Co-operative homebuilding would not have happened without the insightful work of Father Jimmy Tompkins and his cousin Father Moses Coady in 1920s Nova Scotia.
They saw first-hand the hardships of the people in their province. Fishermen were paid too little for their catch. Working-class families were unable to obtain credit to build a home.
Tompkins believed deeply in education for everyone. He also thought it should be brought directly to where people lived and worked. His inspiration was the “social encyclicals” of his Catholic Church – letters from the Pope that directed the clergy to work toward the common good: Respect the dignity of all persons, and fight for the rights of working people.
In the fishing village of Canso, Father Tompkins encouraged the fishermen to work together and to sell their fish co-operatively. He could see that, once informed and engaged, people could better take charge of their economic situations.
In 1935, Father Tompkins arrived in the small mining town of Reserve Mines, Nova Scotia.
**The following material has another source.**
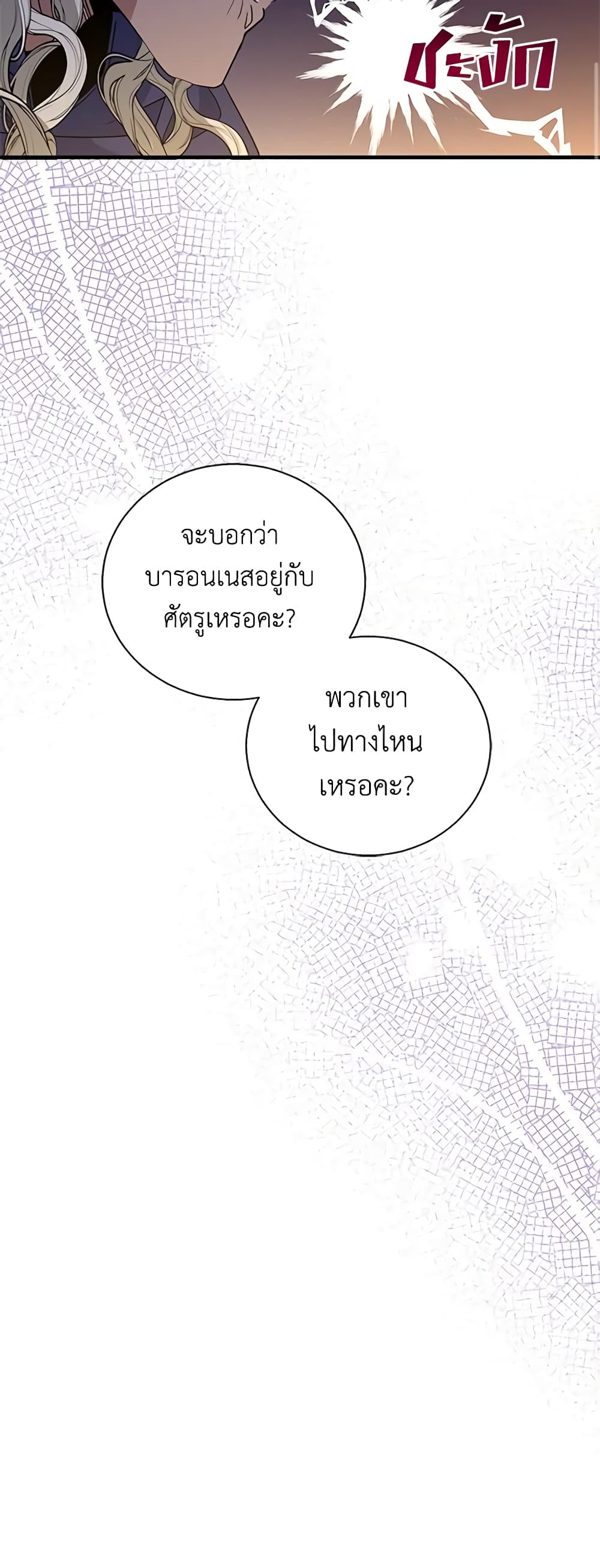 Honey, I’m Going On a Strike ตอนที่ 116 17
The mining company dominated everything, including house construction, but building quality was poor.
Tompkins responded by providing a library and setting up study groups for the miners. He encouraged them to work together to improve their situation. By 1938, they had studied for (and built!) what would be the first homebuilding co-operative in North America. They named it Tompkinsville for the man who had inspired them.
Meanwhile, the credit union movement was progressing, along with related government legislation. Both developments encouraged a variety of cooperative endeavours. By 1940, over 100 credit unions, co-op stores, lobster factories, fish plants, and other cooperative businesses had been established in Nova Scotia.
Father Coady was an inspiring speaker. He was passionate in his desire that all people become “masters of their own destiny.” Gradually, the Antigonish Movement that he and Father Jimmy Tompkins had founded began to spread. It was the basis for the study groups set up by the Hamilton Cooperators in 1953.